In struggling Bogota, spots of hope
Updated: 2012-07-29 07:14
(The New York Times)
Bogota, Colombia - Less than a decade ago a pair of pioneering mayors, Antanas Mockus and Enrique Penalosa, transformed a capital notorious for drugs and terrorism. Mr. Mockus focused on a civil society, promoting civic self-esteem and a climate of workable streets and sidewalks. Mr. Penalosa, his successor, promoted public space and installed bike lanes and an extensive rapid bus system. Optimism boomed.
But the bus system has deteriorated, a victim of its own popularity but also of the failure by leaders to expand routes as promised, repair crumbling roads, relieve overcrowding and fight crime. Green-minded laws to reduce traffic and pollution, a big problem, have perversely encouraged more Bogotans to buy second cars and motorcycles.
Bogota has become a problem.
"We're Latin," Mr.
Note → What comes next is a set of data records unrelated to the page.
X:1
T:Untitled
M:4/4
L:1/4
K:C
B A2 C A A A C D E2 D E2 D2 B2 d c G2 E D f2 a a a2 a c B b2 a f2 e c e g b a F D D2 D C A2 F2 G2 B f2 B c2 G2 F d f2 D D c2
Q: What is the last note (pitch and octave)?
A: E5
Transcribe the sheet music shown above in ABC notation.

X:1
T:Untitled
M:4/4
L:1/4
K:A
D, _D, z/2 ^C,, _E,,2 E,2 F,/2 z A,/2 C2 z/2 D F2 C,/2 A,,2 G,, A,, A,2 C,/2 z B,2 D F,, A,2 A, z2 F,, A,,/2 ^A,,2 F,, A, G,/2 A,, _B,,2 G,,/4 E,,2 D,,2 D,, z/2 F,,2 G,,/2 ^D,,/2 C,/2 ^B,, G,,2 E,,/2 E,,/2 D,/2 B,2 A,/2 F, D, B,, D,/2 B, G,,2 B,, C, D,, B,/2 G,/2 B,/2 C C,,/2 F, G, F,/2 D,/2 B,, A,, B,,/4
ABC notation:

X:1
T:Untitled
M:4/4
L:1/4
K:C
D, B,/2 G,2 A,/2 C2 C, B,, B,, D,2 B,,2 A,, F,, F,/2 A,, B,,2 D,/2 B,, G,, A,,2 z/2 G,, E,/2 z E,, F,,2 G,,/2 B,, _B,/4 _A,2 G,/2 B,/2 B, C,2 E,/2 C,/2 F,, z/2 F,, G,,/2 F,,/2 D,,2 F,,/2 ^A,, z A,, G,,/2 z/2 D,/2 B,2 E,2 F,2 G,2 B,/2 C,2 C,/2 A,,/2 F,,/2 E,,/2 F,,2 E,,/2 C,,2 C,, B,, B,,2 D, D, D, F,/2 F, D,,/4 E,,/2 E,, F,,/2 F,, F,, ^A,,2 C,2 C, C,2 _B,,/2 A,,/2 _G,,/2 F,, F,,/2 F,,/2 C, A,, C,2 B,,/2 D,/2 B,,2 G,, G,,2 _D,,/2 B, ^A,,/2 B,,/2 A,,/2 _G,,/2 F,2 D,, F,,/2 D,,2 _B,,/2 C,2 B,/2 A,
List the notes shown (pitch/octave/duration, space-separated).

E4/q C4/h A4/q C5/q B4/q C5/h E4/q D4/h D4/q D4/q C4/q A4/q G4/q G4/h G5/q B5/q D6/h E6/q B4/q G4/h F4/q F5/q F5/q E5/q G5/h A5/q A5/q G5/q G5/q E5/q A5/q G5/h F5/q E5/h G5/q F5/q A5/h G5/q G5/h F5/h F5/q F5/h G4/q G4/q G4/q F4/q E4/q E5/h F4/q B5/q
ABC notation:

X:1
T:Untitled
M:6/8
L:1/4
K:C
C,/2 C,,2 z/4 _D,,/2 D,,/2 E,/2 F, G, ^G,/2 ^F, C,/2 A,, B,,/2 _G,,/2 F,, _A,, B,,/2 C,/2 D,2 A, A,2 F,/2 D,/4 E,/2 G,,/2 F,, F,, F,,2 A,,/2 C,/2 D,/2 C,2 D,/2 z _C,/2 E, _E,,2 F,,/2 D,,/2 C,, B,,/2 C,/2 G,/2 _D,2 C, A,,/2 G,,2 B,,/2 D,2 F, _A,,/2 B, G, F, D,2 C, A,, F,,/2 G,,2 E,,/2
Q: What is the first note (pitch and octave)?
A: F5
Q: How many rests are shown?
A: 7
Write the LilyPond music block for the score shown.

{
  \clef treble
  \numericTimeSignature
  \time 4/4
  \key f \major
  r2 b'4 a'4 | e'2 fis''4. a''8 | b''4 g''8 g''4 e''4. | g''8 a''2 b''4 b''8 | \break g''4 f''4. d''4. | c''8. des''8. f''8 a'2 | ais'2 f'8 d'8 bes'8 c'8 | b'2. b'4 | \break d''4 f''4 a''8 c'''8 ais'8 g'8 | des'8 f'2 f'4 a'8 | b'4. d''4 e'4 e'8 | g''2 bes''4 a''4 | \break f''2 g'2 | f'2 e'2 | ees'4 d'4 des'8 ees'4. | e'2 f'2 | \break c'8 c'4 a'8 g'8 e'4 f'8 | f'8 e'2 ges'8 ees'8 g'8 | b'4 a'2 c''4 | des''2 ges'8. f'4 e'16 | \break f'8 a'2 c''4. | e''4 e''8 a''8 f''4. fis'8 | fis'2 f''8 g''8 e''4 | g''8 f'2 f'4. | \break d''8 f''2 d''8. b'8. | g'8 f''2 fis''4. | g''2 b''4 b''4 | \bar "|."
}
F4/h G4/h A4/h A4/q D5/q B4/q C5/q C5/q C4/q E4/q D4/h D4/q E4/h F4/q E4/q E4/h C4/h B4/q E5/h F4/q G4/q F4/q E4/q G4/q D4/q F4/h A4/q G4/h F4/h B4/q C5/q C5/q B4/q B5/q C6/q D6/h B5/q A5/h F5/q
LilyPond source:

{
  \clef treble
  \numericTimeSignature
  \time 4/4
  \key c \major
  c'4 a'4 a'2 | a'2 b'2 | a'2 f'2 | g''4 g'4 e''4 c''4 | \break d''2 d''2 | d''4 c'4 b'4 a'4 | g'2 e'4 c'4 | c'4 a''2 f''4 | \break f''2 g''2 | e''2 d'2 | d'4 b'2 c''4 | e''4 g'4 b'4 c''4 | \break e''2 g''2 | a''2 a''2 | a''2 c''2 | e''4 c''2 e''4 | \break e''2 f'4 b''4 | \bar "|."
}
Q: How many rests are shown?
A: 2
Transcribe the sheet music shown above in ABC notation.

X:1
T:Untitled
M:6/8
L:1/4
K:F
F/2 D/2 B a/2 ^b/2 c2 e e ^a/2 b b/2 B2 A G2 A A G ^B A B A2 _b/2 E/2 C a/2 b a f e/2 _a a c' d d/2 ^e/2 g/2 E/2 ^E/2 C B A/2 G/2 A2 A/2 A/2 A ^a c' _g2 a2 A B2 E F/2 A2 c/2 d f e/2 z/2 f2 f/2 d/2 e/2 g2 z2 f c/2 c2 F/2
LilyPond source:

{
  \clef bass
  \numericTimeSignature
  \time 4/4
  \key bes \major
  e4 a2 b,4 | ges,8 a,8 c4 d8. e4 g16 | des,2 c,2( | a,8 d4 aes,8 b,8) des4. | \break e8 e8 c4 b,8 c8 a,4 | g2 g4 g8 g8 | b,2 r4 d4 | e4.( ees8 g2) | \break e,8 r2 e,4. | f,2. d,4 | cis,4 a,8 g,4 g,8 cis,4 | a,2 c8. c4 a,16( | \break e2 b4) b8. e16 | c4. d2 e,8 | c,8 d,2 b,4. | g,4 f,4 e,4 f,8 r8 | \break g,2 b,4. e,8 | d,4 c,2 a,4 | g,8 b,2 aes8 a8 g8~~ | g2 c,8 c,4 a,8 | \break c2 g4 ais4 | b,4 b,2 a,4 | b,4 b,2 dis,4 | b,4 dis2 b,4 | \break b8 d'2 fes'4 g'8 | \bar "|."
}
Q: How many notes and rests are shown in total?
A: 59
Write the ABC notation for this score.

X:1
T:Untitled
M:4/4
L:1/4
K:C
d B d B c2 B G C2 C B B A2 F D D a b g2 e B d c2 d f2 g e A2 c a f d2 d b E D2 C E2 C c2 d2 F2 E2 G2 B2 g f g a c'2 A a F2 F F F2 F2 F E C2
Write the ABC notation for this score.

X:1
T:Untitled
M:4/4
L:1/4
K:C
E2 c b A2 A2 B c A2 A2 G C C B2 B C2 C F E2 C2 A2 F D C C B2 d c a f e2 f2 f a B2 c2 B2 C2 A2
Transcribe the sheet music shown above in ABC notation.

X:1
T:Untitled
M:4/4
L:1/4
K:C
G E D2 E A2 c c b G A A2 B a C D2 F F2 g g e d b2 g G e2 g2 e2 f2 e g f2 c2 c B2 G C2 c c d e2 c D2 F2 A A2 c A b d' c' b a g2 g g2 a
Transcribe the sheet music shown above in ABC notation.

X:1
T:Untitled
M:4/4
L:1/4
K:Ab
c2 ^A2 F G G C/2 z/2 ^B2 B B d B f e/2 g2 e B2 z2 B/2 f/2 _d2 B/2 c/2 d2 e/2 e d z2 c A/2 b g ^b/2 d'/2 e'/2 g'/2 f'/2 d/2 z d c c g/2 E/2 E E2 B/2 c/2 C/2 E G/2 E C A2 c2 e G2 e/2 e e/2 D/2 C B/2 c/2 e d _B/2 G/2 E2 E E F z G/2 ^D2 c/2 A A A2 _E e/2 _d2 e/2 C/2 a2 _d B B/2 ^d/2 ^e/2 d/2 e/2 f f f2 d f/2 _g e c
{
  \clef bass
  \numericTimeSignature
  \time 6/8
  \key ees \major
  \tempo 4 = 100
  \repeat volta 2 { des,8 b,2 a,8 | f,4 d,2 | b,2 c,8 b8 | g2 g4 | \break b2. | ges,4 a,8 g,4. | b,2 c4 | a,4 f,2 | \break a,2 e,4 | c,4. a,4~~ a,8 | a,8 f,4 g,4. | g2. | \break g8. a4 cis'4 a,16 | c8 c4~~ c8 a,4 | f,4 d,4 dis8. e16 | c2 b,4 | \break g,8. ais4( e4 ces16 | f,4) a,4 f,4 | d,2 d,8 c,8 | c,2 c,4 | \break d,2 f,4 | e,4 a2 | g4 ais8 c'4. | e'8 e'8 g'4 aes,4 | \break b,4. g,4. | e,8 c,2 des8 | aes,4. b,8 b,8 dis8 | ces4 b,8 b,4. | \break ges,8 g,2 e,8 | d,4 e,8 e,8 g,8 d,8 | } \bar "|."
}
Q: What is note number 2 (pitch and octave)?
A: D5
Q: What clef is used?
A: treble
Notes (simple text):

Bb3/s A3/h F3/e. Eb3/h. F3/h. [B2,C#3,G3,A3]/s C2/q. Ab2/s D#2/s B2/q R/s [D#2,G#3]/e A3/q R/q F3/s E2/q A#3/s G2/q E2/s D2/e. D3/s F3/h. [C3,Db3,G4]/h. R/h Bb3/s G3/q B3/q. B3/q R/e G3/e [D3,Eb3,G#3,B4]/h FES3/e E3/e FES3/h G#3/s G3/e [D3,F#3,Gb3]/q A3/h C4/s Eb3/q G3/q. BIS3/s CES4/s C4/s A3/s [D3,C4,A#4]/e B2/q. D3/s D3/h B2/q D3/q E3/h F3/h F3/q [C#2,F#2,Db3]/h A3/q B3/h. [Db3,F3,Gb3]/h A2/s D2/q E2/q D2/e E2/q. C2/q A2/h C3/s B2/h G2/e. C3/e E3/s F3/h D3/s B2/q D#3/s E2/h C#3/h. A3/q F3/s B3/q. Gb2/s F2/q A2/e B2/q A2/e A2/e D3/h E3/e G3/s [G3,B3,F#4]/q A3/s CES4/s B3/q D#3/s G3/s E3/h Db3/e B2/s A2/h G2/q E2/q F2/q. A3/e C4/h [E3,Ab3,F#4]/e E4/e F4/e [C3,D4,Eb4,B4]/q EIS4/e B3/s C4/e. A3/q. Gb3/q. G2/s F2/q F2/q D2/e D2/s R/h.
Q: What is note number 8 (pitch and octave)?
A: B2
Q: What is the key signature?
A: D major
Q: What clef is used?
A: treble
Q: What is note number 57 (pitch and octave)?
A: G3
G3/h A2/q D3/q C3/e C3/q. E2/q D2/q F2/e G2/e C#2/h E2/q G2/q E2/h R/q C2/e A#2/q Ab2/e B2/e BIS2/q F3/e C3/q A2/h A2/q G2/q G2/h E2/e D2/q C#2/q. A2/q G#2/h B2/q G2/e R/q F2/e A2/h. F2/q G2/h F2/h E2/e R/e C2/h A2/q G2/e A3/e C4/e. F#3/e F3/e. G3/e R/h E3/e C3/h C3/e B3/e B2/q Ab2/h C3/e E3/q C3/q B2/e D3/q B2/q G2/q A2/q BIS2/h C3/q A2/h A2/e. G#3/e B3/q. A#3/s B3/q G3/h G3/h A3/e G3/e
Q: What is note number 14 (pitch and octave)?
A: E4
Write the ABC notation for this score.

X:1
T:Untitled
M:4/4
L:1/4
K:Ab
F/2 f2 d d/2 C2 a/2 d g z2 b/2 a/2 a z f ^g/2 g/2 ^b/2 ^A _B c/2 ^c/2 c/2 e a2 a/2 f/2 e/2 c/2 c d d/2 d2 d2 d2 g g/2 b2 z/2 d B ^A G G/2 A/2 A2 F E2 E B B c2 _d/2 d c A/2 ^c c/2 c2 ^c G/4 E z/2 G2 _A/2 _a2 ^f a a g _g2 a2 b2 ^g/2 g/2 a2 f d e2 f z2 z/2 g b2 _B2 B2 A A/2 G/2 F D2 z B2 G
Mockus explained. "The worst thing for a Latin man is to find himself raising another man's child." He meant the refusal by many Colombian politicians to adopt plans their predecessors conceived, preferring their own.
Polls show optimism has fallen to its lowest point in 15 years.
Bogota's former progress really goes back over a decade ago to architects and urban planners like Lorenzo Castro, who laid out squares, bridges, public spaces and other areas for civic improvement. A government initiative to recover parcels of the city taken over by private individuals, turning them into places for the benefit of whole communities, are equally crucial.
On a recent visit I found pockets of hope in works of public architecture, many linked to the bus lines and the bike lanes. Ultimately Bogota is a reminder that the economic and social lives of cities rise and fall depending on access to public transit, public parks, public spaces.
El Tintal Public Library, a concrete behemoth, occupies a former garbage-processing plant. Daniel Bermudez Samper, the architect, reused the truck ramps and the place where the trucks dumped their loads to create a ceremonial entry connected to new parkland, a sky-lighted reading room, and a theater.
A librarian, Mayerlyn Carolina, said thousands use the place each day: "We have workshops in literature, we show movies, we have services for the elderly. It's the community's center."
Likewise the more recent Jardin el Porvenir kindergarten, designed by Giancarlo Mazzanti, whose libraries and arenas have helped redefine Medellin.
The kindergarten, which opened three years ago, is immaculate. Indifferently constructed by the city, the 1,205-square-meter school, for 300 students, cost less than $1.2 million. The simple, angled pods are connected by ramps, balconies and stairs.
The school's layout, taking advantage of daylight and shade, with brightly painted floors, creates a mix of tranquillity, serendipity and openness. It's a laboratory for exploration and play.
No project here succeeds without community input. Some 40 years ago, the Bosa district was a settlement of not quite 20,000. Now it has 500,000 people. Poverty is deeply entrenched.
The community center Bellavista is a vaulted, multipurpose brick structure with a garden. It offers workshops in computing, knitting and child care; there are legal services and free meals.
Maria Ariza, a security guard there, says, "These people have nothing else."
Some new public buildings in the city I found disheartening. In Bosa, city officials have been pouring money into faceless apartment blocks, remote from retail and street life. City planners and government officials need to upgrade housing and infrastructure, without undermining homegrown energy and ground-up urbanism.
That's the hope behind a 700-square-meter canopy Mr. Mazzanti designed over a concrete plaza in Cazuca, a poor and violent slum. A $614,000 project, paid mostly by an organization established by the singer Shakira, it came about after long negotiations with drug gangs that controlled the plaza, investing them in the plaza's improvement.
Now children play soccer and clean up the square every day, and there's a vegetable garden.
I met with Mr. Castro, and what he said about the Tintal library could be said of El Porvenir and Cazuca too. "People in the neighborhood live in a room with five people in a small house with three other families, but they go there and see the space, the construction, the comfort and safety," he said. "And suddenly, maybe for the first time, they feel included in society, in the city. They can dream."